Water holding capacity of the soil is the amount of water retained in the capillary spaces of the soil after the percolation of gravitational water into the deeper layers. Water holding capacity depends upon the capillary pore spaces in the soil. Sandy soil has very low water holding capacity, whereas clayey soils have very high water holding capacity.

Requirement:

Soil samples from different sites (garden, road side, bank of river, paddy field etc.), Gooch crucible (china clay crucible with perforated bottom), filter-paper, pestle and mortar, petridish, beaker, glass rod, balance and blotting paper.

Procedure:

(i) Dig a small pit about 10cm x 10cm x 10cm, Scoop 100–300 g of soil from the pit and collect it in a small polythene bag.

(ii) Remove the pebbles and large lumps from the soil sample.

(iii) Pass the soil through a coarse sieve to remove small lumps and dead decaying leaves and twigs.

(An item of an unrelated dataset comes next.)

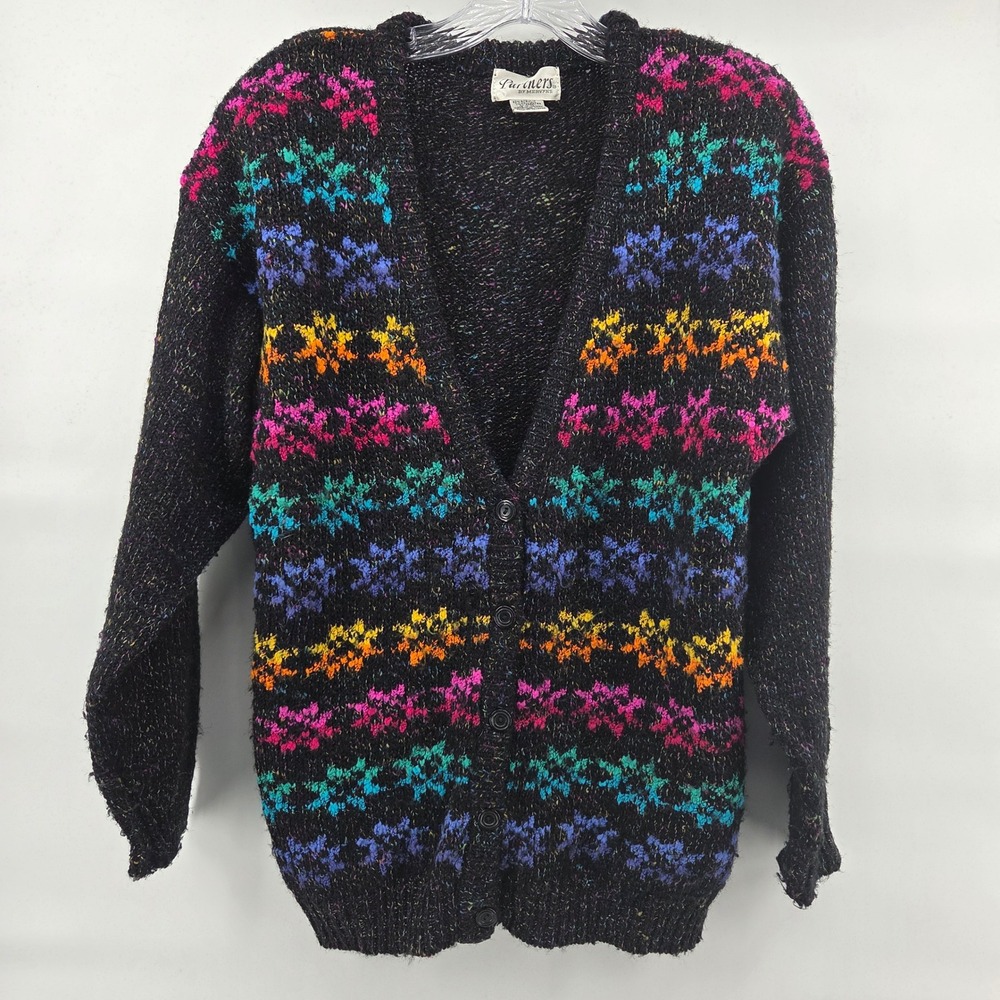 Partners‎ by Mervyns Cardigan Medium Black Bright Geometric Vintage 80's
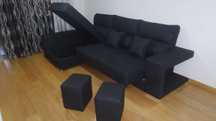 Sofa chaise com baú elevatório + 2 puffs NOVO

(iv) Spread the soil into a thin layer on a sheet of blotting paper or old newspaper and sun dry it for 2–3 hours or dry it in a pan kept on stove. Alternatively dry the soil sample in oven at 1080C for 1 hour.

(v) With the help of pestle and mortar grind the sample into fine powder.

(vi) Put a small disc of blotting paper at the base of the Gooch crucible. Weigh the crucible along with the blotting paper and note its weight.

(vii) Transfer the soil sample into the crucible. Tap the rim of the crucible gently several times with the help of glass rod so that soil is compactly filled and forms a uniform layer at the top. Add more soil if necessary.

(viii) Weigh the crucible along with soil sample and note its weight.

(ix) Fill the petridish with water and place two small glass rods in it parallel to and at a small distance from each other.

(x) Place the crucible on the two glass rods in such a manner that its bottom is in contact with water.

(xi) Leave the set up undisturbed till water appears at the upper surface of the soil. Wait till entire soil surface is wet.

(xii) Remove the crucible and allow all the gravitational water to flow out from the bottom. When no more water percolates, wipe the bottom dry with the blotting paper.

(xiii) Weigh the crucible and note its weight.

Observation:

Record your observation in the following table.

Calculate the % water holding capacity of the soil as follows.

Weight of crucible + blotting paper: A g

Weight of crucible + blotting paper + soil sample before experiment: B g

Weight of dry soil: B - A= Cg

Weight of crucible + blotting paper + wet soil sample after experiment: D g

Weight of wet soil after the experiment: D - A= Eg

Mass of water absorbed by soil: E - C= Ng

% Water holding capacity: N/C x 100

Discussion:

Compare % water holding capacity of soil collected from different habitat conditions. The variation in water holding capacity is due to varying proportion of sand, silt and clay in the soil of different habitats. Soil with very high proportion of sand have very low water holding capacity due to large pore spaces between the particles which enables the water to percolate freely into deeper layers leaving upper layers practically dry. In clay soil, due to very small size of the pore spaces (fine capillaries) the water is retained in the capillary spaces as capillary water. In these soil the water does not percolate freely. Soil with more or less equal proportion of sand, silt and clay (loam soil) combines the properties of sand and clay and therefore has optimum water holding capacity and optimum soil-air for root growth.

Questions:

1. What are heavy soil and light soil?

2. Give examples of a plant seen in heavy soil and light soil.

3. How does pore space determine the % water holding capacity of soil?

4. Why is clay soil often referred to as physiologically dry soil?

5. Which type of soil is suitable for cultivation of crop plants?

6. How can water-holding capacity of soil be improved?

7. Dead decomposed organic matter is usually added in the fields before the cultivation of crops. Apart from providing the mineral nutrients, what additional role does organic matter play in the cultivation of crop plants?